§ **REQUIRED WORK**
Within the data that follows, set down exactly the lines from the one containing "265 Wycliffe Avenue, Vaughan, Ontario" through the one containing "4 bed, 2880 sqft, $3,000 — Photo 3", both ends included.

§ **DATA**
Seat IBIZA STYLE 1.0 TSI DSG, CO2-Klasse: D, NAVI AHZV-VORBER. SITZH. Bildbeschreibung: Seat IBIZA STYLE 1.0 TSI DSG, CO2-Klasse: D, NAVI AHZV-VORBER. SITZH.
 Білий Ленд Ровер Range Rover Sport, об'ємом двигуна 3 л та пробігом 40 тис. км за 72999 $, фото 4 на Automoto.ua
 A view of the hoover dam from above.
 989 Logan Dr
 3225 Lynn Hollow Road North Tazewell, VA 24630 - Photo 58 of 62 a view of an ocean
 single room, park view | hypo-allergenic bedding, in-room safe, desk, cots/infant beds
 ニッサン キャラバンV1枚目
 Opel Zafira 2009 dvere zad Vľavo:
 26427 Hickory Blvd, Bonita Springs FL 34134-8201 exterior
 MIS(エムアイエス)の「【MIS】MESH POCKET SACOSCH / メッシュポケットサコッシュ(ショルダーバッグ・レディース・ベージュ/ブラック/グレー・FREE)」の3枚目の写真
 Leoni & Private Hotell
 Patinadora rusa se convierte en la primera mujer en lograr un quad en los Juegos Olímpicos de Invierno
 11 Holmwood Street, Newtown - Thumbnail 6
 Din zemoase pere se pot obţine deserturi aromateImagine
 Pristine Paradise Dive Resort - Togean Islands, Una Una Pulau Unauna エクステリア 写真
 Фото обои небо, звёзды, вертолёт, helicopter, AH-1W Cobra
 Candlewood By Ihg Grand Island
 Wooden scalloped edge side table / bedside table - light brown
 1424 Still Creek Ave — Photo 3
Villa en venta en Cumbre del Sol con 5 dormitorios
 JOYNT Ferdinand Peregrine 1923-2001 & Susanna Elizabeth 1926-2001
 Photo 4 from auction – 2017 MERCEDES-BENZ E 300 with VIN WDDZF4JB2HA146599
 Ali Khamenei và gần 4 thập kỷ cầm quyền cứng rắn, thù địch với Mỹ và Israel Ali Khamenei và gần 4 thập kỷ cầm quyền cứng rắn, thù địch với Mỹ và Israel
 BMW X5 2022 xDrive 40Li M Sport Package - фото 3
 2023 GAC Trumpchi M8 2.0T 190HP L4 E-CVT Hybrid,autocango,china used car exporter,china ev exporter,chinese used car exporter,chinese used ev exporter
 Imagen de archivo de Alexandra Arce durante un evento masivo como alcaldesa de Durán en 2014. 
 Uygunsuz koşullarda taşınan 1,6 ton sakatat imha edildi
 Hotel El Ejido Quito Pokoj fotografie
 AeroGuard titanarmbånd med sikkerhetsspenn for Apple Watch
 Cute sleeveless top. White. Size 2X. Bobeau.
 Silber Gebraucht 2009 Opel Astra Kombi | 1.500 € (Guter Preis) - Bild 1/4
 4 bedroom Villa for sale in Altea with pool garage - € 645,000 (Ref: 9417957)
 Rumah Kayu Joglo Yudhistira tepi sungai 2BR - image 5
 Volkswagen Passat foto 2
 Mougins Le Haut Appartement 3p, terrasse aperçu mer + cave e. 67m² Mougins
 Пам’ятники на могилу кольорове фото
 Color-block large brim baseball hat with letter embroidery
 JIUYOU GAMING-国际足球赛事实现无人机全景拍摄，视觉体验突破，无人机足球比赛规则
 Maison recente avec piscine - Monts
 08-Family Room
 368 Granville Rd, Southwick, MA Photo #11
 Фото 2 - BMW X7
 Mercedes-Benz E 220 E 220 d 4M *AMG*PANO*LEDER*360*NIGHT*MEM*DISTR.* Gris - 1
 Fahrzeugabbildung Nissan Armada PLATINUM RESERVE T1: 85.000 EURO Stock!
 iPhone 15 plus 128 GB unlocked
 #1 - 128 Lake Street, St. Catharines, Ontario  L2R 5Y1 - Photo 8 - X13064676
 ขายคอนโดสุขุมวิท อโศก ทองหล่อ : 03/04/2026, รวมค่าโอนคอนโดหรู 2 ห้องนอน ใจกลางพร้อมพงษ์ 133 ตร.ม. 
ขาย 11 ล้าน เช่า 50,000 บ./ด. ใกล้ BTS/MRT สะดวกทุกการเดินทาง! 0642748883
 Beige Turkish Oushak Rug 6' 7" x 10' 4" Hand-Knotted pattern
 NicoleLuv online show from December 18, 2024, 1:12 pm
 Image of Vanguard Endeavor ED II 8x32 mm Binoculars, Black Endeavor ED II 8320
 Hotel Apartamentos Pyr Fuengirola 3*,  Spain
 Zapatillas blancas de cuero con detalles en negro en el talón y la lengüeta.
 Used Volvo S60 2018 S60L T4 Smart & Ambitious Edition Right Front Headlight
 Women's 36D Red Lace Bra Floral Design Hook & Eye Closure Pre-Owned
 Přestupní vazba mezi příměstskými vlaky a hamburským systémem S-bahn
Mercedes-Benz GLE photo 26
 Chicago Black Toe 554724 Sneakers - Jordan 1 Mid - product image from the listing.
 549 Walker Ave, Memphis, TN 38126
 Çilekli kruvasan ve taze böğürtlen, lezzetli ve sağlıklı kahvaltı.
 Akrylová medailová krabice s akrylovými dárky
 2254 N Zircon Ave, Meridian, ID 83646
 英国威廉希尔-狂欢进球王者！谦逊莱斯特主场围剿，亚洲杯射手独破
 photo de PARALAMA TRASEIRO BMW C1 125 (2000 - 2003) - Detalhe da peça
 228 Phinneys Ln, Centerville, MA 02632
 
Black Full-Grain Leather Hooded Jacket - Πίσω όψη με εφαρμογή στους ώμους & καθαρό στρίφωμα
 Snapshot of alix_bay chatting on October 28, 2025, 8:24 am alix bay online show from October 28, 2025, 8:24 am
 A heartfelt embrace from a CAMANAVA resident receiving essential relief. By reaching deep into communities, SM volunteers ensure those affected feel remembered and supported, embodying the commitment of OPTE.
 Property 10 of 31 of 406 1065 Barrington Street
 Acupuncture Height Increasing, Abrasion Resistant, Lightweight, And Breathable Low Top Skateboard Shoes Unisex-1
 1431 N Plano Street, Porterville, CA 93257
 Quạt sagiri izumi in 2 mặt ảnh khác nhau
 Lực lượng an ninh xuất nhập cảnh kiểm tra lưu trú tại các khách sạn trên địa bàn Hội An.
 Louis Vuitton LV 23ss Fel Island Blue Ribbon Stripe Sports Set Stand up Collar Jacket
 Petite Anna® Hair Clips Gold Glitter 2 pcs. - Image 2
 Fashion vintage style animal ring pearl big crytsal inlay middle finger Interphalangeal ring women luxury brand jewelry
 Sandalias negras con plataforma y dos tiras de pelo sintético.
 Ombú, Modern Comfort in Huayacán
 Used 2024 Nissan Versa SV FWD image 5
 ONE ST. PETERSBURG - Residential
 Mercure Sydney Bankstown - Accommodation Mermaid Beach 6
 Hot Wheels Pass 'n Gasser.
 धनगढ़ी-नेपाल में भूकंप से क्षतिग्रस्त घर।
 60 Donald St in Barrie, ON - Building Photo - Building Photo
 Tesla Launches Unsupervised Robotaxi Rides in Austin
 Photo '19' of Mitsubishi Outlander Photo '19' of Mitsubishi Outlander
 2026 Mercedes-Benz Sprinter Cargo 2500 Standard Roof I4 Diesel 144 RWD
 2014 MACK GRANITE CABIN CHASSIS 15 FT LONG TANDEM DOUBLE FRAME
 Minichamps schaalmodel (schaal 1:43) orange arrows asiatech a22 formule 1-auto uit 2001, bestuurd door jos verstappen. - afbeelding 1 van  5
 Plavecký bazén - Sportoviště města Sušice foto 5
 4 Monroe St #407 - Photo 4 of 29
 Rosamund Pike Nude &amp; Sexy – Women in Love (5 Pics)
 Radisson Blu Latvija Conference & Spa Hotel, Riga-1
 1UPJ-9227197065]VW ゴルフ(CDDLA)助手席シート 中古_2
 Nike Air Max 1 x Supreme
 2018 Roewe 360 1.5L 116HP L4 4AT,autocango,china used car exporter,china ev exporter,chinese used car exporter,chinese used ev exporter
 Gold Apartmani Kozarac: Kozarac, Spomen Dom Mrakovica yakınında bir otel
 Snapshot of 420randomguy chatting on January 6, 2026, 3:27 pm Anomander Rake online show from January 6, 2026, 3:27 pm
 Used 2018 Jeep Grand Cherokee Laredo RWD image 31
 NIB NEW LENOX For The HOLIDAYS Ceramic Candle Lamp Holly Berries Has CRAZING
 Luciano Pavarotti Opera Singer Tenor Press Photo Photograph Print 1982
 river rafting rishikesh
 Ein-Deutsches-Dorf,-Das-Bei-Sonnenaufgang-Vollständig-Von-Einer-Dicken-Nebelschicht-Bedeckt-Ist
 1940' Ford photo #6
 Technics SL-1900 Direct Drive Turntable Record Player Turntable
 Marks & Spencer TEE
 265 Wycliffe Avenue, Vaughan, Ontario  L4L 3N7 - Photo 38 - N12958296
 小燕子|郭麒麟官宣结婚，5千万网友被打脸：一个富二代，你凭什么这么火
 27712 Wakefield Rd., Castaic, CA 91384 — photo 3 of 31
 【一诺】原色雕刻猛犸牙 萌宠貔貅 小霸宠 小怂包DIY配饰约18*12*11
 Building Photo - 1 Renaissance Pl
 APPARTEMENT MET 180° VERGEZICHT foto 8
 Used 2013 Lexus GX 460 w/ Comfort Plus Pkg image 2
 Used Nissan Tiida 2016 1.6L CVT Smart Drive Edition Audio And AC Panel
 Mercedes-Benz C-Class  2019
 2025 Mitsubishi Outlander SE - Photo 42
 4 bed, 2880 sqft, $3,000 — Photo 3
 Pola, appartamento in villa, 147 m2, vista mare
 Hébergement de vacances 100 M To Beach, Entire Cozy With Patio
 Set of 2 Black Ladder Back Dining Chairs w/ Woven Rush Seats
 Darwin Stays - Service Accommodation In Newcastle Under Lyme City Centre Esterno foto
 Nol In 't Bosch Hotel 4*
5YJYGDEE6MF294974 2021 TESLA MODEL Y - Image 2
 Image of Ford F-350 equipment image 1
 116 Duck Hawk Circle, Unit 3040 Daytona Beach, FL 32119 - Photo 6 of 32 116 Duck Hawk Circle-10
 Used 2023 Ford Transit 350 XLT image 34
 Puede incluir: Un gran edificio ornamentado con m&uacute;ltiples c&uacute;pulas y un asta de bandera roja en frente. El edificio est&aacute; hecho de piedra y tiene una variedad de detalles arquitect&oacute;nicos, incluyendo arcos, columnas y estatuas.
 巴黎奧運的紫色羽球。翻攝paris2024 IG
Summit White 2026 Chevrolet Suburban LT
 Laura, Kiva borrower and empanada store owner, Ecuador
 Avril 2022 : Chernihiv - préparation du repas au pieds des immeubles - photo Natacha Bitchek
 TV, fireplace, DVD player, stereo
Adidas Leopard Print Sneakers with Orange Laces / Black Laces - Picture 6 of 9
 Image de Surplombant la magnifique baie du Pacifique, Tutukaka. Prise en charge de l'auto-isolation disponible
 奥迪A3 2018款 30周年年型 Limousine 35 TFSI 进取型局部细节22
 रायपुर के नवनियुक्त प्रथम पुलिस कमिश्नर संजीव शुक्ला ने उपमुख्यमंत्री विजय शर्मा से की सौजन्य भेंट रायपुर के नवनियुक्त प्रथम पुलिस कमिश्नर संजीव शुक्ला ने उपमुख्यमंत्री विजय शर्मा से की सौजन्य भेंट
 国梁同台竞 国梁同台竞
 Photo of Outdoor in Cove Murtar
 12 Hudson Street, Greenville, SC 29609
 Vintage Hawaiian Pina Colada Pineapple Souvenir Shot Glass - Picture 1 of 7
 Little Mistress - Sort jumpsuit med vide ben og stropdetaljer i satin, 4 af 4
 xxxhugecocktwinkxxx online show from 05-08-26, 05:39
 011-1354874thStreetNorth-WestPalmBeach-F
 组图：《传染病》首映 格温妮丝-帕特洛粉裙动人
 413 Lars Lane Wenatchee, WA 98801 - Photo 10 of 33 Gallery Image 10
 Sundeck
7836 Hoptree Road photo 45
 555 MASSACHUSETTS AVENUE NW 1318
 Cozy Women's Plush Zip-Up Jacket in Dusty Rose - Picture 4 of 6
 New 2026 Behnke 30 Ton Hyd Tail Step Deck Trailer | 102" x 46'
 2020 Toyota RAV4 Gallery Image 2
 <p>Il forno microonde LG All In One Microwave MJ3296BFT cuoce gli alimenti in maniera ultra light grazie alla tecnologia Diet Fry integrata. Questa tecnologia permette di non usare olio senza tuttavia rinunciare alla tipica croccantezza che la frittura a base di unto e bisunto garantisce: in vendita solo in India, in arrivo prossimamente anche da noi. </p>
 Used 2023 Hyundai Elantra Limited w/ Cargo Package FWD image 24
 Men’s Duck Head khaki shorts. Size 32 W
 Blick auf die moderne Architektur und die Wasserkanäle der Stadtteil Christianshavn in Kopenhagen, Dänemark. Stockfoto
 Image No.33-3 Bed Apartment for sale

§ **EXERCISE RESPONSE**
 265 Wycliffe Avenue, Vaughan, Ontario  L4L 3N7 - Photo 38 - N12958296
 小燕子|郭麒麟官宣结婚，5千万网友被打脸：一个富二代，你凭什么这么火
 27712 Wakefield Rd., Castaic, CA 91384 — photo 3 of 31
 【一诺】原色雕刻猛犸牙 萌宠貔貅 小霸宠 小怂包DIY配饰约18*12*11
 Building Photo - 1 Renaissance Pl
 APPARTEMENT MET 180° VERGEZICHT foto 8
 Used 2013 Lexus GX 460 w/ Comfort Plus Pkg image 2
 Used Nissan Tiida 2016 1.6L CVT Smart Drive Edition Audio And AC Panel
 Mercedes-Benz C-Class  2019
 2025 Mitsubishi Outlander SE - Photo 42
 4 bed, 2880 sqft, $3,000 — Photo 3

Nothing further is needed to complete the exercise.